もう少し遡って、江華島条約(1875年)という、朝鮮にしてみれば不平等条約から ”日本の侵略” と言う韓国人も多いです。
これを経て日韓併合に至る過程は、受動的に言えば「日本に国権を奪われた」であり、能動的に言えば「国権を受け渡した」に過ぎないと思います。〔時系列は「ハーグ密使事件(1)」に掲載した略年表参照〕
* * * *
ここからは張本さんの発言から離れます。
韓国人の中でも多少客観的に歴史を見る事ができる人達でも、この「国権を奪われた(受け渡した)」事は屈辱であり、許せないのです。
「許せない」対象は、日本でもあり、その手続きをした官僚達や国権を譲り渡して豪華な暮らしをした高宗一族に対するものでもあります。
韓国人は「善・悪」の二分論で物事を見る傾向があるので、なかなか理解できないのですが、
当時の「開化派」と呼ばれる人達は、日本をベンチマークして改革をしようとし、日本の援助を期待しました。
乙巳条約で外交権を奪われる事に憤りを感じてハーグに行った密使さえも、不満を述べながらも「日本人が腐った朝鮮を変えてくれると期待してた」と言ったくらいです。
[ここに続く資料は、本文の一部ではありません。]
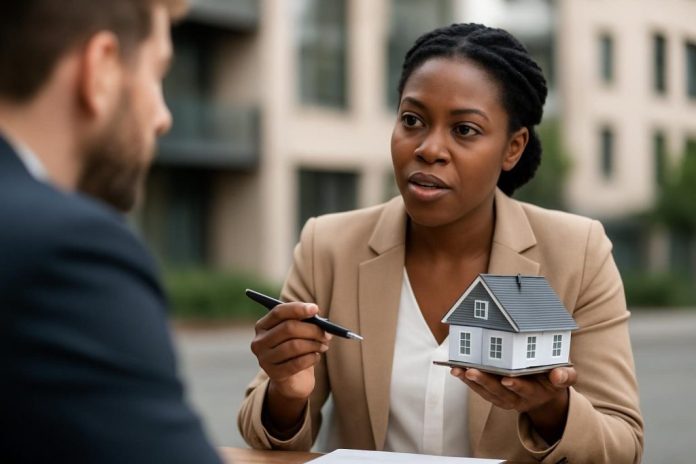real-estate-investment-strategies-for-different-stages-of-ai-image-2635-1024x683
日本人がバックアップして進めた改革は、李王家に潰され、改革を推進しようとした朝鮮人は悉く殺されるか亡命します。
ここまでは韓国人もある程度共感します。(と言っても、多くの韓国人は、”日本が余計な事をせずに、もう少し頑張れば朝鮮人の手で改革できた” とタラレバを言いますが。)
しかし、この体制では改革は無理だと悟った賢い朝鮮人、例えば、対等な合邦を望んだ李容九(イ・ヨング)ともなると完全に ”売国奴” です。
また、せめて形式的にも祭司者としての李王家の家門を保とうと日本政府と交渉した李完用(イ・ワンヨン)も、単純に ”売国奴” 。
李完用に理解を示す韓国人もいますが、せいぜい、”本当の売国奴は高宗(大韓帝国最後の皇帝)であり、李完用等乙巳五賊は事務手続きをしただけで忠臣だ” という解釈です。実際には、高宗は譲位に抗い、李完用は説得する側だったのですが、これを知ったら、「やっぱり、李完用は逆賊であり売国奴だ」と思うでしょう。
「許せない」という感情は良い悪いの問題ではないので、批判するわけではありませんが、韓国人的には誰か「悪者」を見つけないと収まらないのでしょうね。
当時の賢い朝鮮人は、できれば日本の様な『立憲君主制』への移行、それが無理なら『瀕死の朝鮮(大韓帝国)』の幕引きを考えていたのですが、それをどこまで日本に委ねるかに程度の差があっただけです。
結局は、朝鮮人だけでは改革は無理だったのですが...。
日本の歴史、特に人気のある戦国時代とか幕末では、裏切ったり裏切られたり、攘夷派から開国派に変節したり、幕府側にも判官贔屓を感じたり、etc. と、絶対悪(善)を越えてありのままの史実を日本人は楽しみますが、国威発揚の国史しか学ばない韓国人にはそういう発想は無いのだと思います。